### TASK PROMPT
The span to copy runs from the line containing "RE Generation Junior's" to the last line below. Copy it exactly, with nothing else.

Short descriptive text snippets:

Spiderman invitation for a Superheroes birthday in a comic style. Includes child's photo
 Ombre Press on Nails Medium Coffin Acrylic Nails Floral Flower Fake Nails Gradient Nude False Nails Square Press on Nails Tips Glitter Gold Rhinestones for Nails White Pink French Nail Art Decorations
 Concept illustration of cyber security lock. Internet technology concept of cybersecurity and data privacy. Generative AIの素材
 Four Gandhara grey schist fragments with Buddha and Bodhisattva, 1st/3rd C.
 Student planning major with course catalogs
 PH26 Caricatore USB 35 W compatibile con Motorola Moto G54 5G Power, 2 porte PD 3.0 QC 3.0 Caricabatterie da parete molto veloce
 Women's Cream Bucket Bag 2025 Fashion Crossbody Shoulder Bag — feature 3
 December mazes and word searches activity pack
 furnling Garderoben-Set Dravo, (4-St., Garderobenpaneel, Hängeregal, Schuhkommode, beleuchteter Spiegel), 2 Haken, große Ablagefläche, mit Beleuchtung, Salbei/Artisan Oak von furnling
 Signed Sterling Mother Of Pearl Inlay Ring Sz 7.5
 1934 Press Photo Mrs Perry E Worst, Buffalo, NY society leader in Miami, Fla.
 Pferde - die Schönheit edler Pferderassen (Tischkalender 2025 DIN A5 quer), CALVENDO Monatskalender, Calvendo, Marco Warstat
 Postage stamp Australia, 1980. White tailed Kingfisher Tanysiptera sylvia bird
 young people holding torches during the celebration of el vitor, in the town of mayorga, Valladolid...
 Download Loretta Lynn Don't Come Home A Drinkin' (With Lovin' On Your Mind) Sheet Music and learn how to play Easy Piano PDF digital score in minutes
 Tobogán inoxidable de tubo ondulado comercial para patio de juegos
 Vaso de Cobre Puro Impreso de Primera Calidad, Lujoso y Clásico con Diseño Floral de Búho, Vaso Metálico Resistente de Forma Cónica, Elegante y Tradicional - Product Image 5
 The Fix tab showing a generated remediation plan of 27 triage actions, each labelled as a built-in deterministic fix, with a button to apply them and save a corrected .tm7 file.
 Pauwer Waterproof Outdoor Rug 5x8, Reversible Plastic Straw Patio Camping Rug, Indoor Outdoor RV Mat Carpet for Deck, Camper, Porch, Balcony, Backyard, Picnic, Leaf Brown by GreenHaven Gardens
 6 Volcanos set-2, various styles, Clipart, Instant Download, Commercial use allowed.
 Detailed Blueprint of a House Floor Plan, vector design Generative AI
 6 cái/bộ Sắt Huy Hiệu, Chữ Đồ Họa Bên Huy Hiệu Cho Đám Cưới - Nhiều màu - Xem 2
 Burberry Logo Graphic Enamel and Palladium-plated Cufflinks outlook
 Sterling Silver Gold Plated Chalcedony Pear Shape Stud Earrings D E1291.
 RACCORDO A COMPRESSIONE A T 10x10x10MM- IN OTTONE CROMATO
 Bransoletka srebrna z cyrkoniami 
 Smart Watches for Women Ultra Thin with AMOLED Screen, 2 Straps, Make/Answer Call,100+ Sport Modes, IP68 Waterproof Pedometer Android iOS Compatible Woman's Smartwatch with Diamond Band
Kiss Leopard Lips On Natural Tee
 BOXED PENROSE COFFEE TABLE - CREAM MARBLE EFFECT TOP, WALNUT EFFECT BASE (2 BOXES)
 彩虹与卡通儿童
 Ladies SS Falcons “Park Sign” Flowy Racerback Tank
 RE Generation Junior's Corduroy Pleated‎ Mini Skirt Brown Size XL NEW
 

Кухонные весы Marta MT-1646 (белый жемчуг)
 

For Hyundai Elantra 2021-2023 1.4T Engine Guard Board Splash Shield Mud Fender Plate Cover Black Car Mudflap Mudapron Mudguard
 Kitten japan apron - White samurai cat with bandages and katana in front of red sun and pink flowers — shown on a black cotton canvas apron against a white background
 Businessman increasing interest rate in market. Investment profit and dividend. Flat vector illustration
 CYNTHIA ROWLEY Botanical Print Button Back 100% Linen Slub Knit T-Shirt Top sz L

### SOLUTION FOR THIS PROBLEM
 RE Generation Junior's Corduroy Pleated‎ Mini Skirt Brown Size XL NEW
 

Кухонные весы Marta MT-1646 (белый жемчуг)
 

For Hyundai Elantra 2021-2023 1.4T Engine Guard Board Splash Shield Mud Fender Plate Cover Black Car Mudflap Mudapron Mudguard
 Kitten japan apron - White samurai cat with bandages and katana in front of red sun and pink flowers — shown on a black cotton canvas apron against a white background
 Businessman increasing interest rate in market. Investment profit and dividend. Flat vector illustration
 CYNTHIA ROWLEY Botanical Print Button Back 100% Linen Slub Knit T-Shirt Top sz L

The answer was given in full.